三国志屈指のエリート一族という事もあって曹操の親類も軒並み優秀だが、演義などの創作では敵役という事もあって作中では総じて「劉備軍の噛ませ犬」という印象が強い。

特に、単福こと徐庶に手玉に取られた曹仁は、自分のように演義(正確には『横山三国志』)から入った人間には劉備軍にやられるピエロという印象しかない。

演義の記述と印象だけで語るのはフェアではないので、正史では曹仁はどのように書かれているだろうか。

今回は、演義では語られない曹仁の実像に迫る。

官渡の戦いまでの大活躍

曹仁の実像

画像 : 曹仁 wiki c

曹操の同族である曹仁は、若い頃から武芸が得意で、弓術、馬術、狩猟を好んだ。

正確に曹操の元に加わった時期は書かれていないが、豪傑が蜂起した際に密かに手勢千人を集め、徐州を拠点に暴れ回ったという。

その後、曹操の配下となり、別部司馬・行厲鋒校尉の地位が与えられた。

それ以降も参戦した戦に於いて大きな手柄を立てたという記述が目立ち、曹操軍の中でもかなり優秀な武将だった事が分かる。

なお、天下分け目の戦いとなった官渡の戦いに於ける曹仁の活躍だが、当時袁紹に着いていた劉備が攻め落とした領地を奪還し、劉備自身も撃破する戦果を挙げている。

また、袁紹が韓猛を別動隊として使って裏から曹操軍を分断させようとしたが、曹仁が韓猛を撃ち破り、ピンチの芽を刈り取る活躍を見せている。

演義ではやられ役?

ここまでは三国志序盤に於ける曹仁の活躍を纏めたが、官渡の戦いまでの曹仁の活躍は文字通り非の打ち所がなく、曹操軍屈指の名将の名に相応しい。

次に、演義で描かれた曹仁の姿だが、呂布との戦いで活躍した記憶がない(カットしても問題ない)ほどに序盤は影が薄く、官渡の戦いでも劉備を撃退する活躍は見られない。

曹仁の実像

画像 : 徐庶

演義では単福(徐庶)加入後(『横山三国志』では20巻)にようやく主要人物として登場するが、曹仁に与えられた仕事は徐庶の噛ませ犬である。

新野に攻めて来た曹仁は、正しい攻め方をしなければ生きては出られない「八門金鎖の陣」を敷いて劉備軍と戦うが、弱点を見抜いた単福(徐庶)によってあっさりと打ち破られてしまう。

倍以上の戦力差をものともせず、完膚なきまでに叩きのめしてしまった徐庶の軍師としての手腕に読者は感服し、三国志が軍師の時代へと移る象徴の一つとして強く頭に刻まれる事になる。

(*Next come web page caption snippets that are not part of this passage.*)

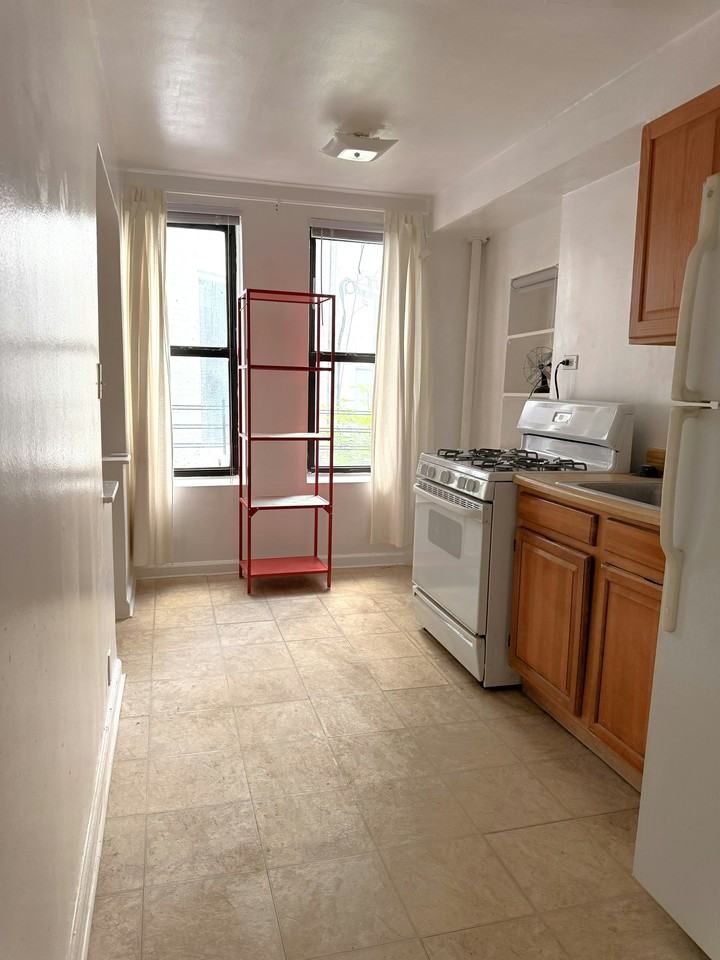 281 Flatbush Ave #1A - Photo 2 of 4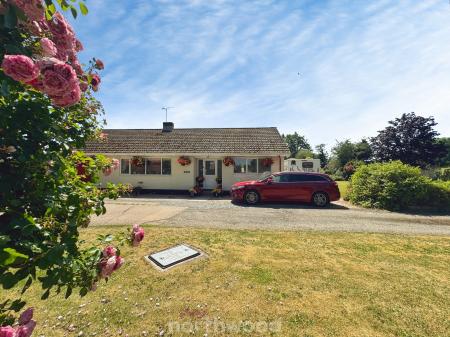2 bedroom Detached bungalow for sale in Broad Lane, Doncaster, DN14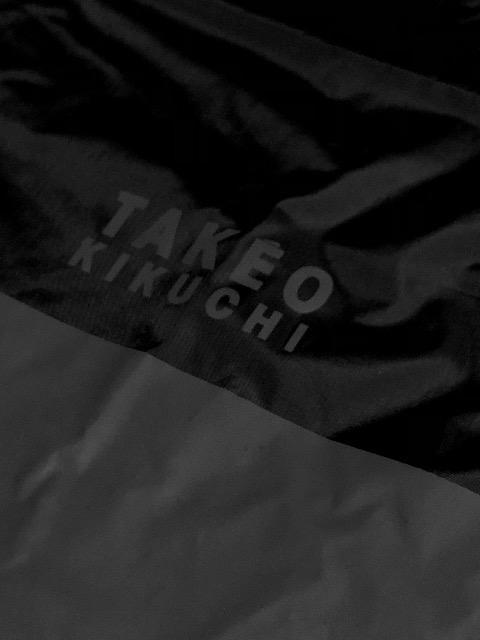 新品〈TAKEO KIKUCHI〉タケオ キクチ 巾着(ブラック×グレー)希少ノベルティ < ブランド  新品〈TAKEO KIKUCHI〉タケオ キクチ 巾着(ブラック×グレー)希少ノベルティ < ブランドの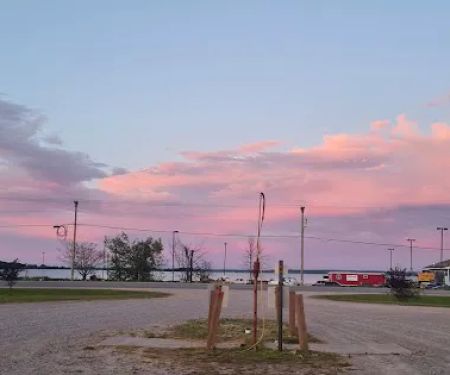 RiverView Park and Campground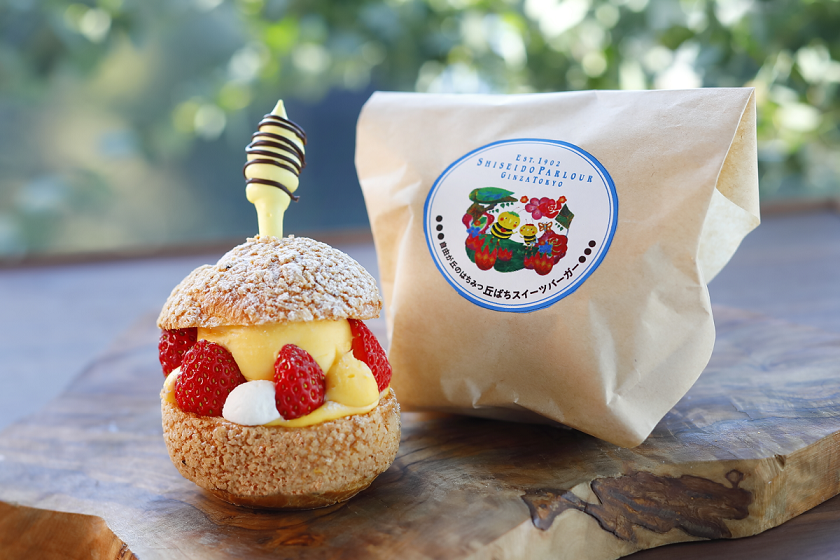 丘ばちスイーツバーガー〈ストロベリー〉660円、テイクアウト648円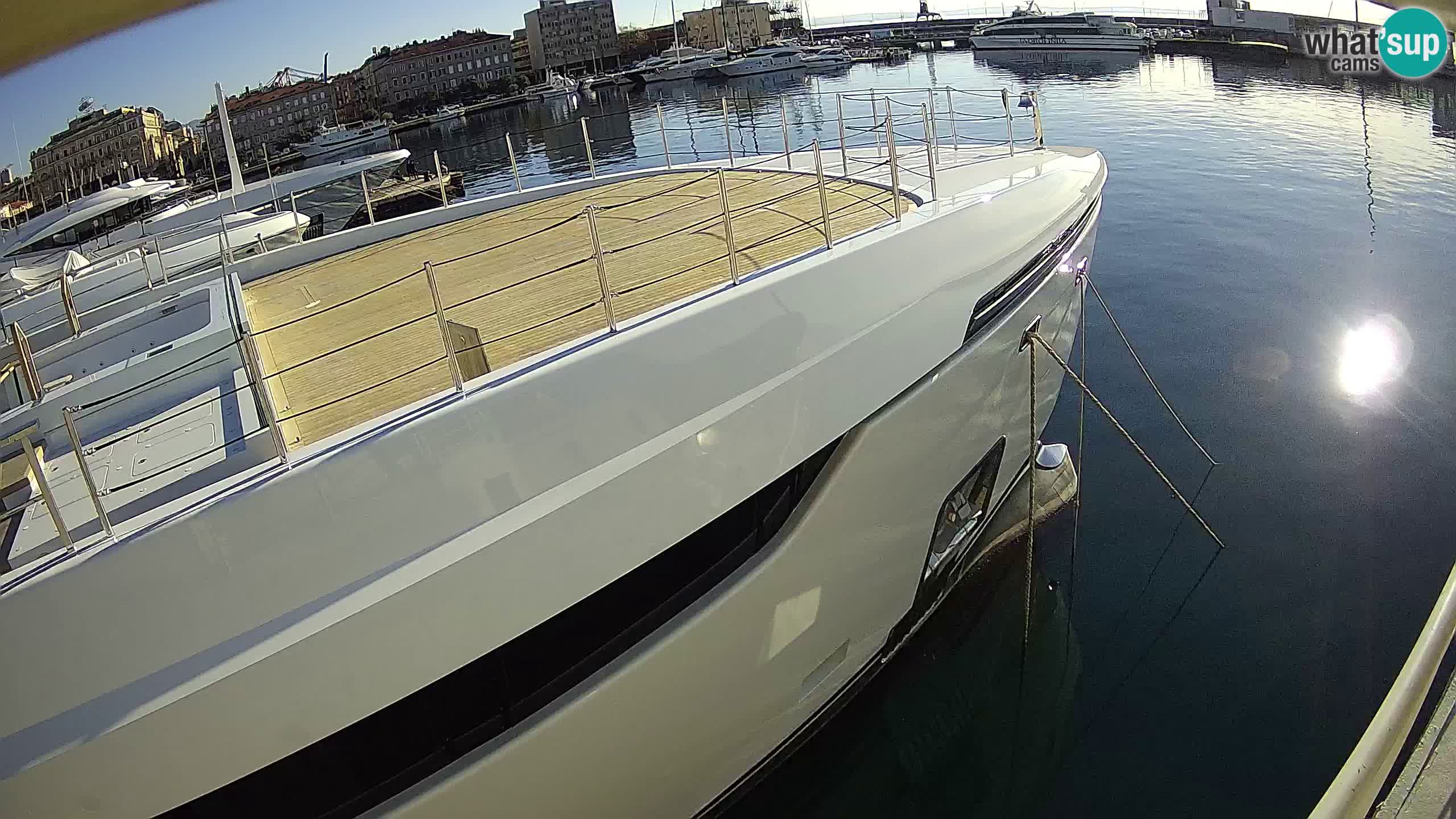 Botel Marina cámara web en vivo Rijeka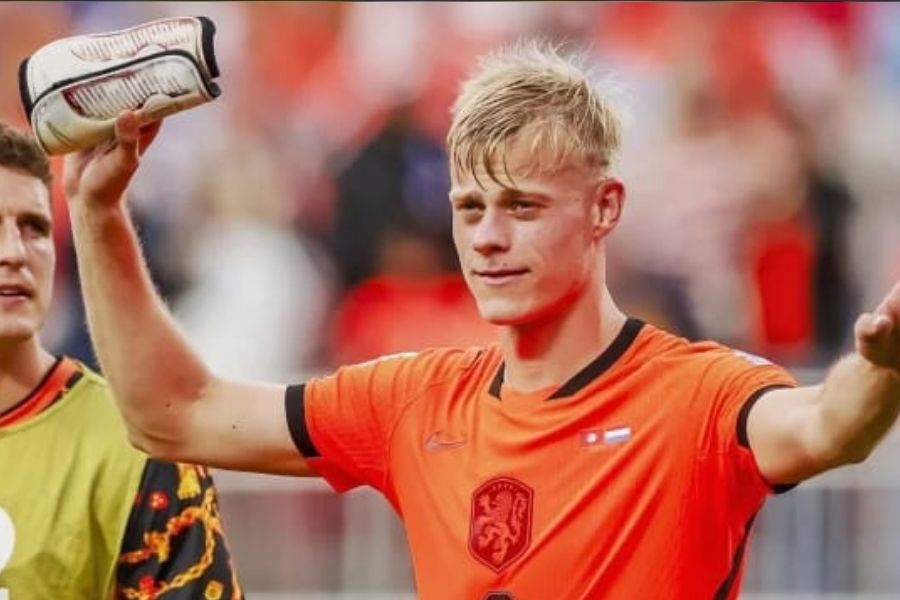 Jan Paul van Hecke Becomes World Cup’s New Passing King with Record Performance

軍師の重要性を語る上では外せない、蜀のファンの間でも特に人気の高いこのエピソードだが、残念ながら(やはりというか?)正史には描かれておらず、そもそも徐庶が劉備の元で戦闘を指揮した記述も存在しない。

フィクションの戦闘によって武将としての経歴に傷を付けられてしまった曹仁には気の毒という言葉しかないが、この後も罠として劉備が捨てた新野城に入って火計の餌食になるなど、演義で一番盛り上がる赤壁前後の戦いで曹仁はいいところなく敗れ続けている。

樊城の戦い

ここまで気持ち良く負け戦を続けると次はどんな負け方をするのかという変な興味が出て来るが、赤壁の戦いでは正史も演義も目立った記述はなく、曹操が撤退した後に荊州を任され、周瑜と南郡を巡って激しい争いを繰り広げている。

曹仁の実像

夭折した悲運の天才・周瑜

6000の兵で攻めて来た周瑜に対して配下の牛金に僅か300の兵で当たらせる(案の定牛金は包囲される)という自殺行為としか思えない采配もあったが、曹仁は自ら兵を牛金を救い出しており、曹操も高く評価したという。(正史の記述が正しければ曹仁はゲームでもやらない無謀な出撃を牛金にさせて、最終的には自らのミスを何とか挽回したという解釈しか出来ないが、曹仁の活躍によって敵軍を撤退させたのも事実のようである

一年以上の長期戦になった戦闘は周瑜の負傷など呉にも大きなダメージを与えたが、劉備が南郡4郡を降伏させて曹仁の外堀を埋めつつあった事から撤退を余儀なくされる。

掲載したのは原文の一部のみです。